[Vision2020] Palin Destroys McCain's Credibility on Energy and the Environment
nickgier at roadrunner.com
nickgier at roadrunner.com
Thu Oct 23 10:09:57 PDT 2008
Good Morning Visionaries:
This is my radio commentary/column for the week. Cheerleader Palin has added another chant to her repertroire as she campaigned in Kentucky: "Mine, Baby, Mine." We should add that one to the bumper sticker: "Earth First! We'll Mine the Other Planets Later."
The complete version is attached as a PDF file. Read all my election columns at www.home.roadrunner.com/~nickgier/Election08.htm.
Have a great day counting down to a great Obama victory,
Nick
PALIN DESTROYS MCCAIN'S CREDIBILITY
ON ENERGY AND THE ENVIRONMENT
Sarah fouled her own nest, and I can't understand why.
I hate to think it was simply greed or ambition.
--Wasilla schoolteacher Patty Stoll
In 2003 Senators McCain and Lieberman drafted a cap-and-trade bill to contain carbon emissions that got 43 votes in the Senate, a dramatic change after similar restrictions in the Kyoto Protocol were defeated by 95-0 in 1997.

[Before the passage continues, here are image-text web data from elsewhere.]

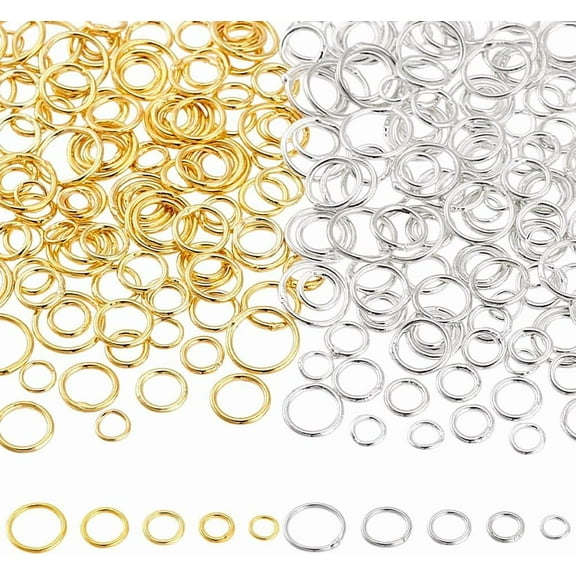 10 styles Brass Round Rings Soldered Jump Rings Closed Jump Rings Cadmium Free & Nickel Free & Lead Free Mixed color 18~21 Gauge 5~10x0.7~1mm Inner Diameter: 3~8mm Brass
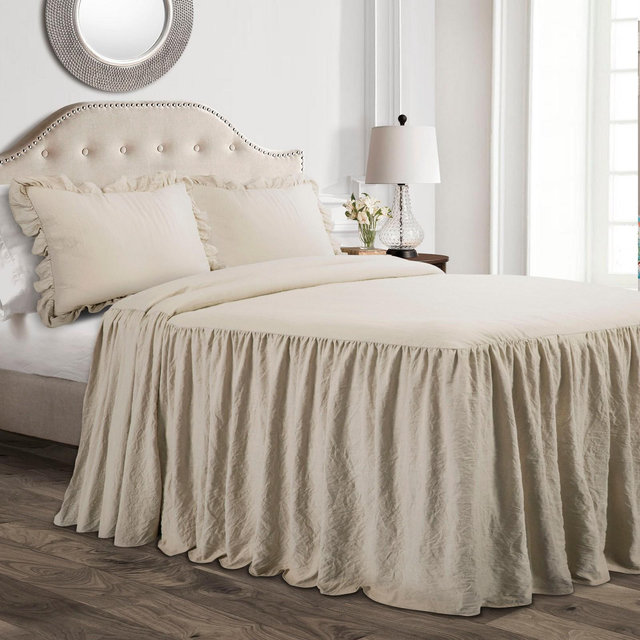 Queen 3pc Ruffle Skirt Bedspread Set Neutral - Lush Décor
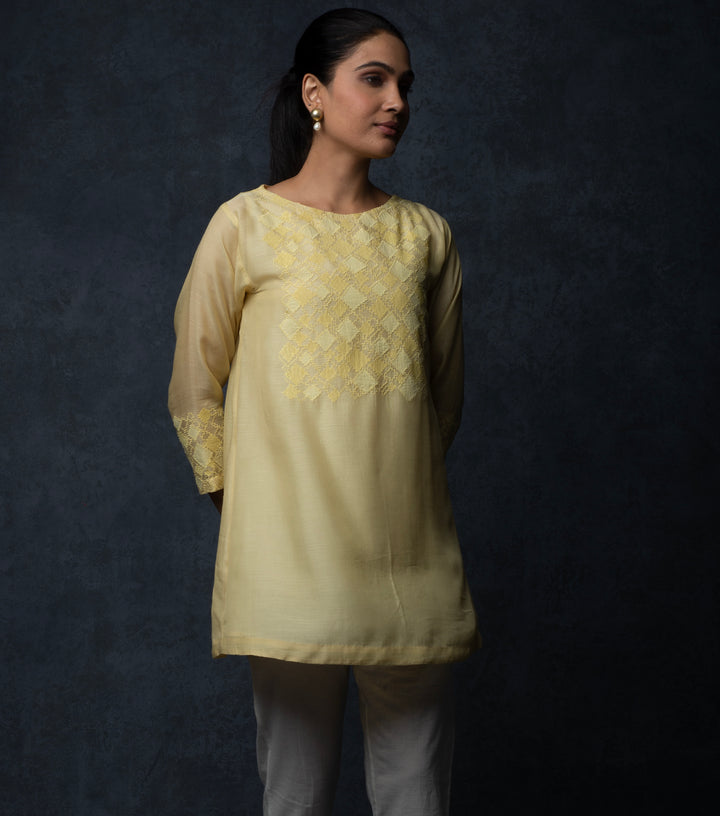 Light Yellow Patchwork Muslin Tunic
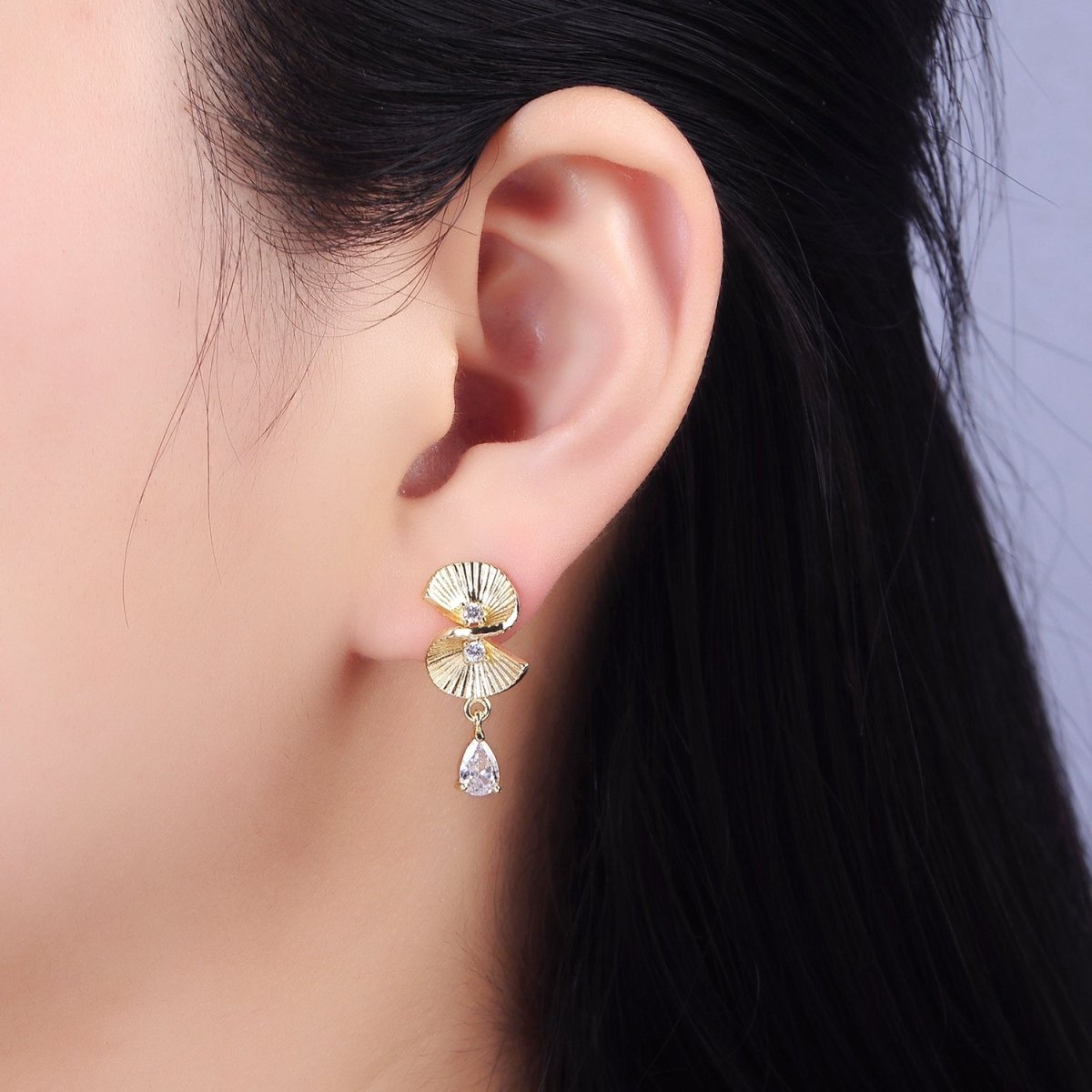 14K Gold Filled Double CZ Sunburst Twirled Teardrop Drop Stud Earrings | AB1275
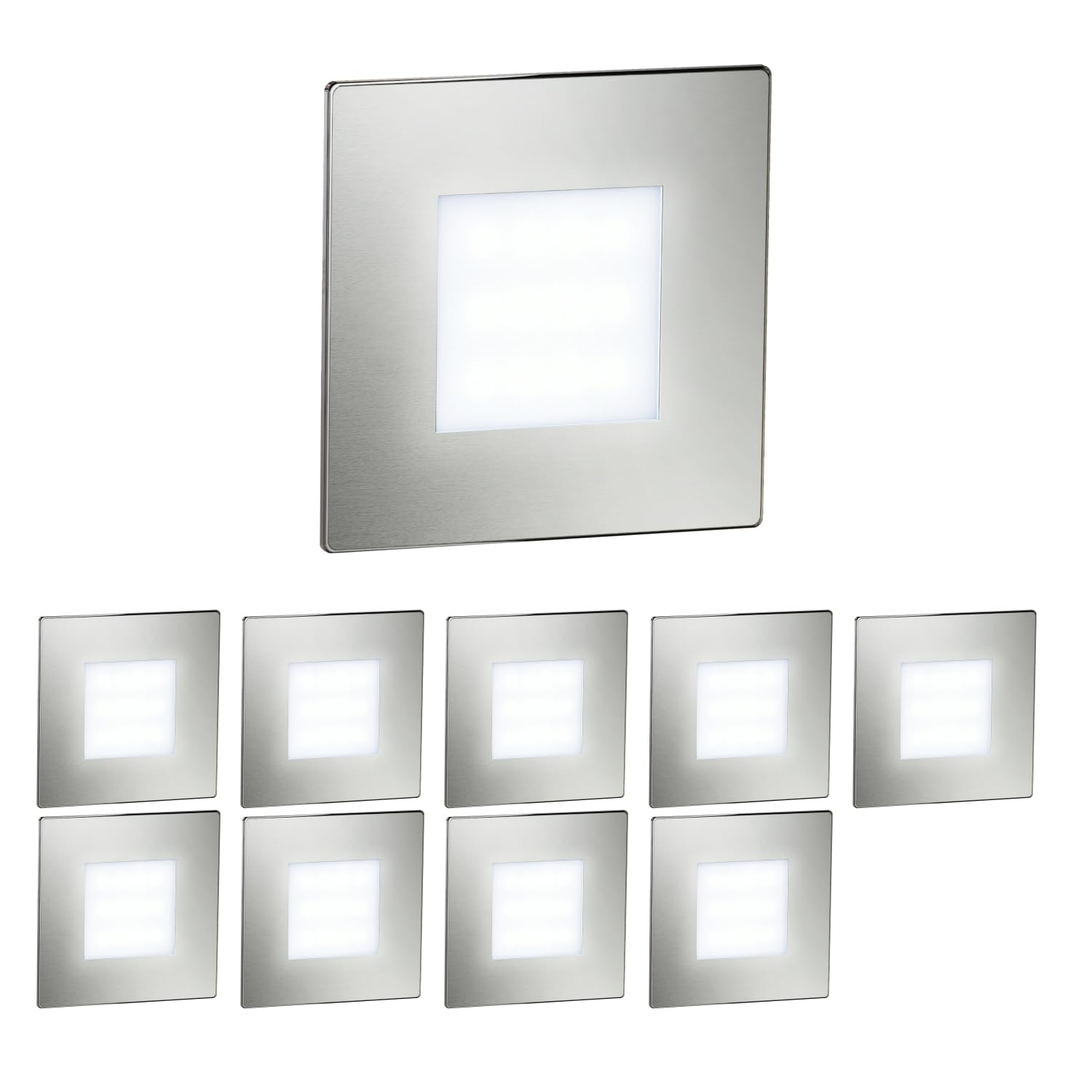 ledscom.de 10 LED Staircase Light/recessed wall Light FEX for Indoor and Outdoor use, Angular, Stainless Steel, 85 x 85mm, Cool White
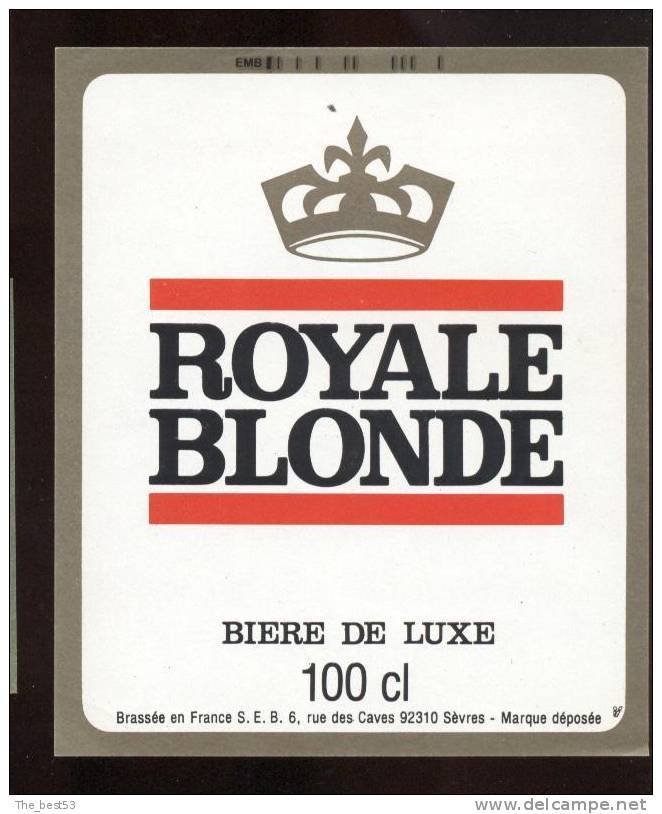 étiquettes De Bière  -  Royale Blonde  -  SEB à Sèvres (92) - Bière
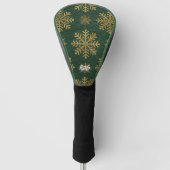 Green Leather Tooled with Gold Snowflakes Initials Golfheadcover (Voorkant)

But in 2007 McCain refused to support an almost identical bill solely because it did not include nuclear power. People are now wondering if McCain is really serious about global warming, or is he more concerned, as one critic put it, about "burnishing his maverick reputation."
A principled position on global warming is out of the question now that Palin is on the ticket. Last December she told the Fairbanks Daily Miner that "I'm not a doom and gloom environmentalist like Al Gore blaming the changes in our climate on human activity."
Boasting about her position as governor of the nation's only arctic state, Palin appears oblivious to the reasons why the last two summers have seen the greatest melting of sea ice in recorded history. Even though Alaska's own state biologists agree that polar bears are threatened, Palin claims that she has their support in suing the U.S. government over their listing as an endangered species.
The federal government has also proposed listing the beluga whales of Alaska's Cook Inlet as endangered. Even though their populations declined 50 percent between 1994 and 1998, Palin resists the move because she wants to lease the waters for oil exploration.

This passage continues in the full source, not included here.